I was on the 15th hole, and that’s when things got ugly. This was before I started thinking about my score, I just had a bad hole. It happens, usually more frequently during a normal round, and I let it get the best of me. A crummy lie in the greenside bunker left me with a tough shot that I executed poorly. Fast forward through a second shot in the sand and a couple of putts and I had my first double bogey of the day. Thinking what could have been my best round was now ruined, I added up my scores and realized I could still break 80 for the first time in my life. I remember what it was like to break 90 the first time, and could only imagine turning in a scorecard with a 7 as the first number. To me, it sounded better than a hole-in-one.

I told myself that all I ‘needed’ to do was play 16, 17 and 18 two over par and I could still pull it off. Mathematically It sounds so simple, yet it is so hard to do. I was playing really well, uncharacteristically well some might say, and had just put together a string of pars and birdies like I’ve never had before. Prior to the 15th, I was 1 under through the previous 7 holes. Given how things had been going, bogey golf didn’t seem terribly overwhelming, especially with two short par fours and a par 3 to end it. After a great drive on 16 I pulled a short iron into the woods, great, a lost ball. Not looking good. Triple bogey. Next hole, 17, triple bogey, again. Eighteen, bogey. What could have (and arguably should have) been a 79 quickly turned into an 85. I’m not an emotional golfer and normally laugh off a bad shot or hole, but this one stung even after a beer at the 19th hole.

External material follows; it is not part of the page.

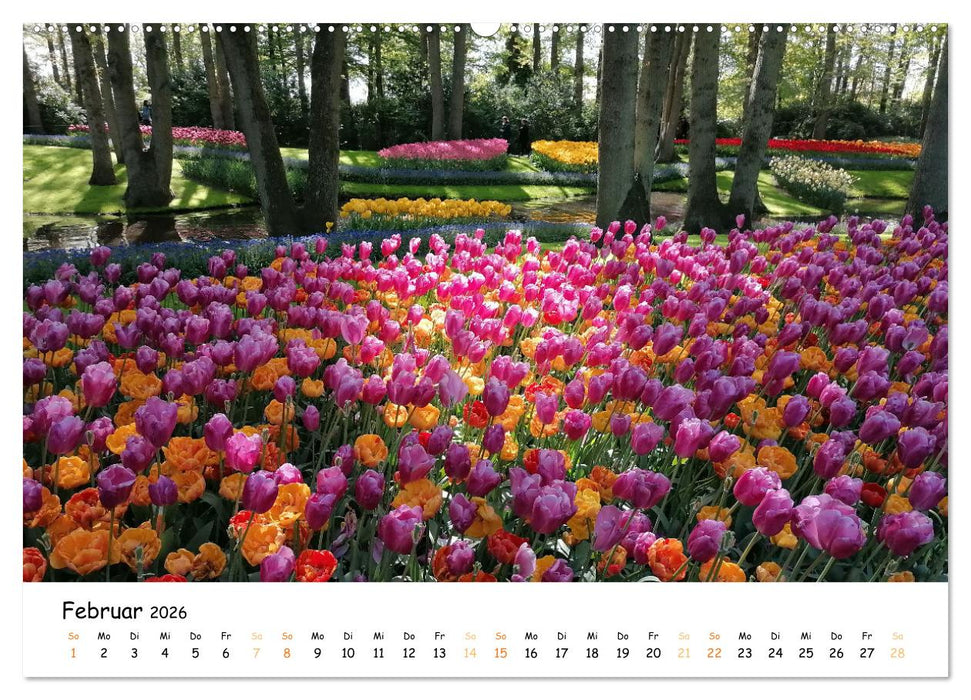 Auf Tour im Land der Tulpen (CALVENDO Wandkalender 2026)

I don’t quite have a takeaway after this whole rant, other than the fact that it reinforces how important consistency is in the game of golf. Rounds like this make me realize how hard it is to play at the professional level and how incredibly difficult consistent execution is. It’s even more mind blowing to try to comprehend the success of some of the game’s greatest players such as Jack Nicholas or Tiger Woods. But that is why we play golf, because you can never ‘beat the game.’ The course always wins.